Used to being invisible, things get complicated when Elisa attracts some unwanted attention from the villain of the story, a government agent named Richard Strickland (Michael Shannon), who seems to believe he is entitled to her attentions just because he’s her boss. Unlike Dr. Robert Hoffstetler (Michael Stuhlberg), a conflicted scientist who is revealed to be living a double life, Strickland has no compassion for the creature. In one scene that drives the point home about indifference to life during wartime, Hoffstetler pleads with Strickland to not allow the Asset to be dissected, making argument that it’s wrong because he has shown to have thoughts and feelings. “So do the Soviets and the gooks,” is his reply. “But we kill them too.” After Elisa, with help from Zelda, Giles and Hoffstetler, bravely rescues the Asset, Strickland stops at nothing to find this creature that he has so much contempt for, not so much because he particularly cares about the science, but more so because his superiors have put their foot on his neck, and Shannon brilliantly portrays him as a man determined to reclaim his manhood, even if it means putting the safety of himself and others at risk.

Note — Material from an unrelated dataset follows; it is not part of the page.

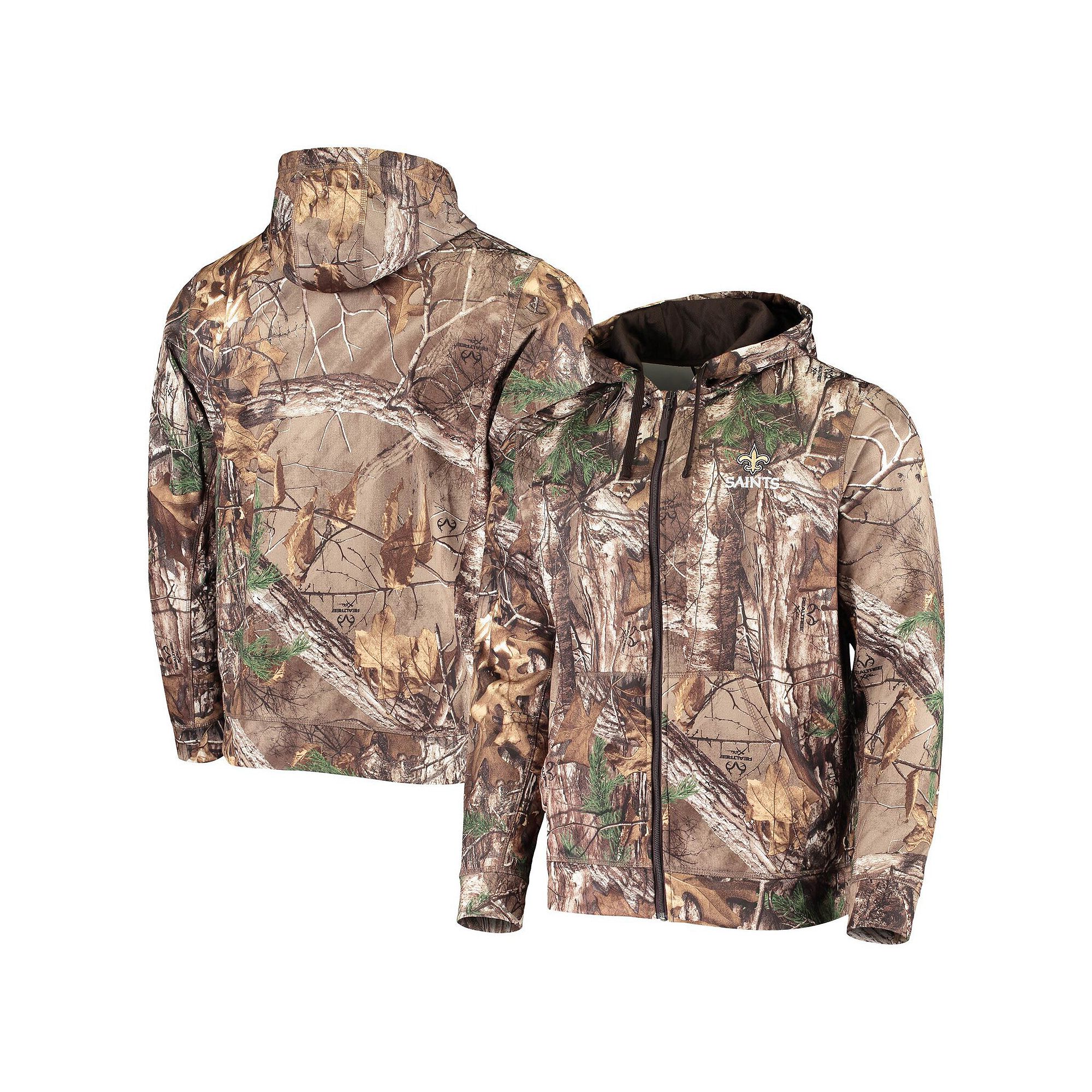 Mens Dunbrooke Realtree Camo New Orleans Saints Trophy Tech Fleece Full-Zi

Despite all the drama, “The Shape of Water” is at its heart a love story. Despite the limitations of the role, Hawkins give a performance that is arguably the best of her already illustrious career. With the Asset, Elisa finds escape from her life and troubles in the bathroom of her modest apartment. Rarely have special effects been used so effectively as to further a romance, one that del Toro, Hawkins and Jones gently ease the viewer into, so as to get them so invested that they can almost suspend their disbelief about an interspecies relationship. As one can probably surmise from the title, water plays a central role, and a sequence involving Elisa filling up her bathroom with water so she and her amphibian man can be together will surely be remembered as one of the most touching and visibly striking of the year.

Jones, a stable in del Toro’s films for the past 20 years, is known exclusively for playing non-human roles. During a recent sit-down with Entertainment Voice, he opened up about how he prepared to play this new kind of character during his three weeks of rehearsal time in Toronto, and the bond he made with Hawkins during the process and how it better served the final product.

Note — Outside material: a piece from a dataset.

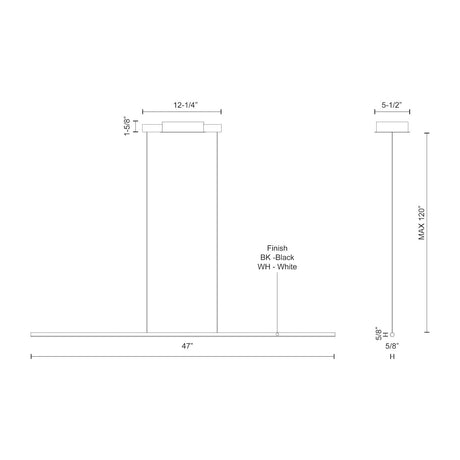 Kuzco LP14947-BK CHUTE 47" LP Black 120V TRIAC/ELV LED 3000K 90CRI 23W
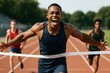 © Who is Danny - Triumphant male sprinter crossing the finish line with emotion on outdoor track during sunny competition, captured in dynamic sport action moment. Ai generative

“During those three weeks, [Hawkins and I] had a lot of time to giggle together, and even tear up and cry together over a couple things, to share stories of personal things and our fears and insecurities, and sharing with each other, ‘Are you terrified of this movie? I am,’” Jones revealed. “We both had so much riding on this movie. Once you have shared that much with somebody and then the camera roles, we already had a backstory between the two of us. We an intimacy and an affection between each other that ran pretty deep by the end.”

The Shape of Water” opens Dec. in New York, Dec. 8 in select theaters, Dec. 22 nationwide.